Please write out the listing exactly, leaving each picture out.

Data –
>>>

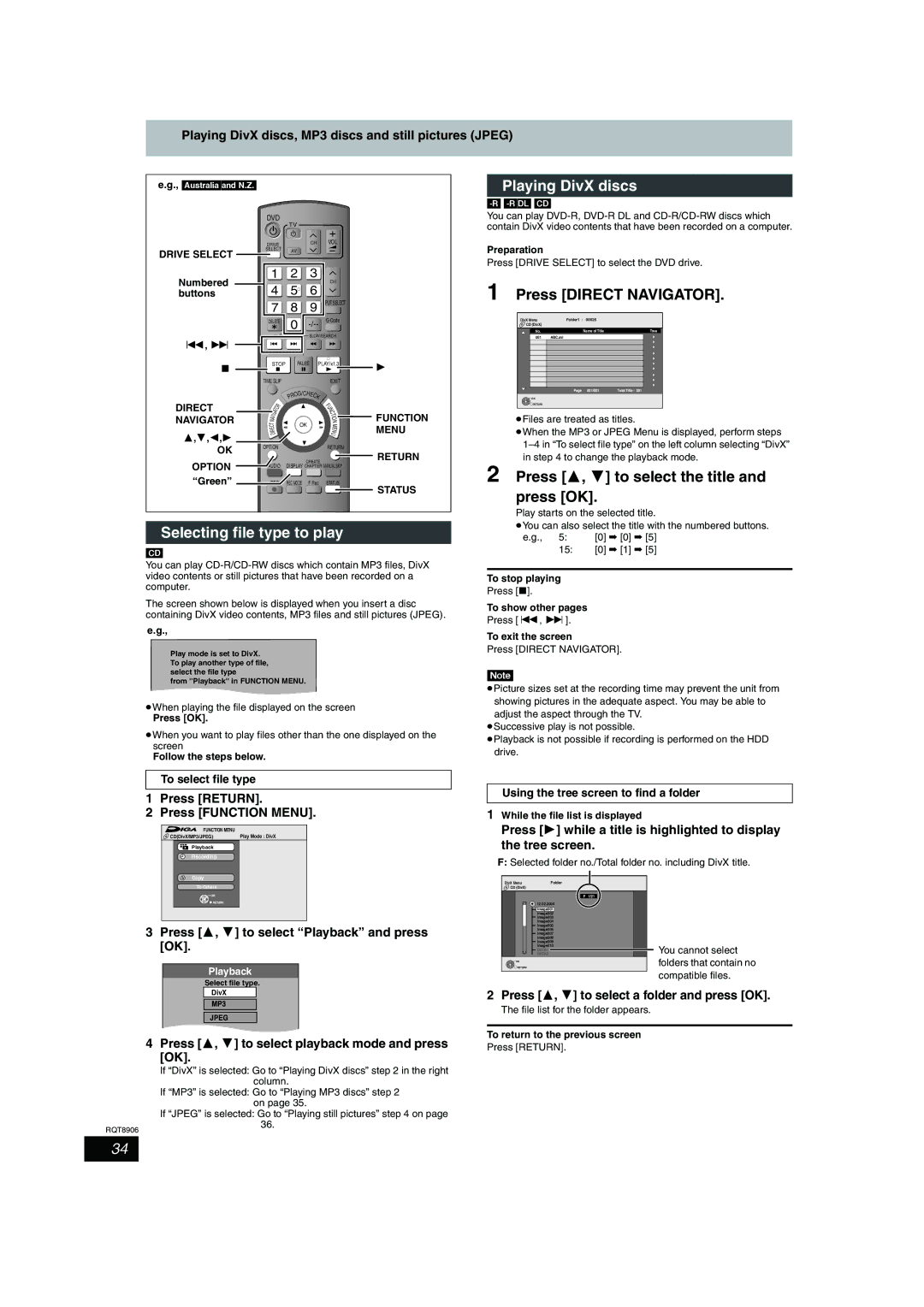 Panasonic DMR-EH57, DMR-EH67 Playing DivX discs, Press Direct Navigator, Press 3, 4 to select the title and press OK 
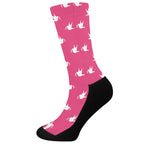 White Dove Breast Cancer Pattern Print Crew Socks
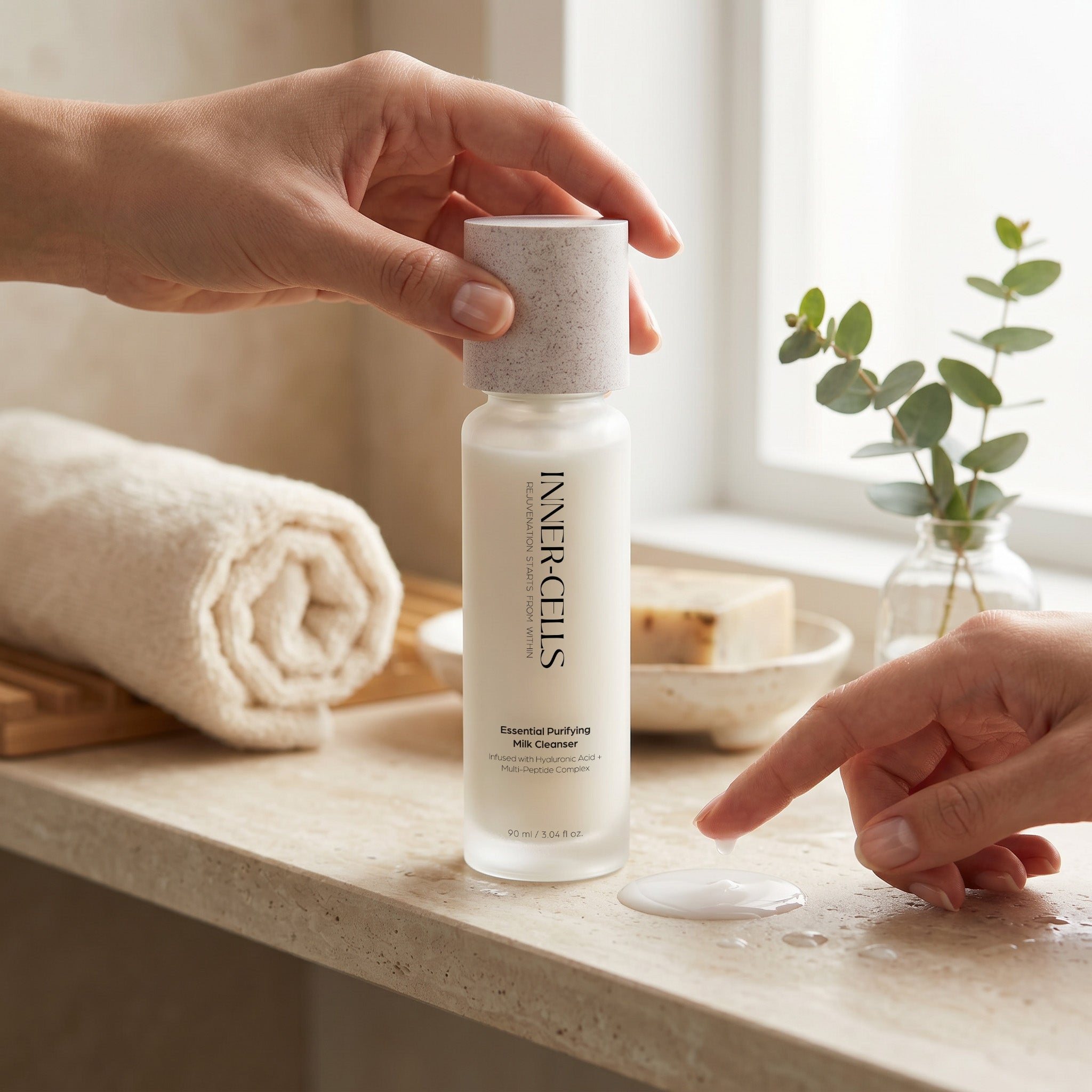 Essential Purifying Milk Cleanser Infused with Hyaluronic Acid +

<<<

Task answer –
 Panasonic DMR-EH57, DMR-EH67 Playing DivX discs, Press Direct Navigator, Press 3, 4 to select the title and press OK 
 White Dove Breast Cancer Pattern Print Crew Socks
 Essential Purifying Milk Cleanser Infused with Hyaluronic Acid +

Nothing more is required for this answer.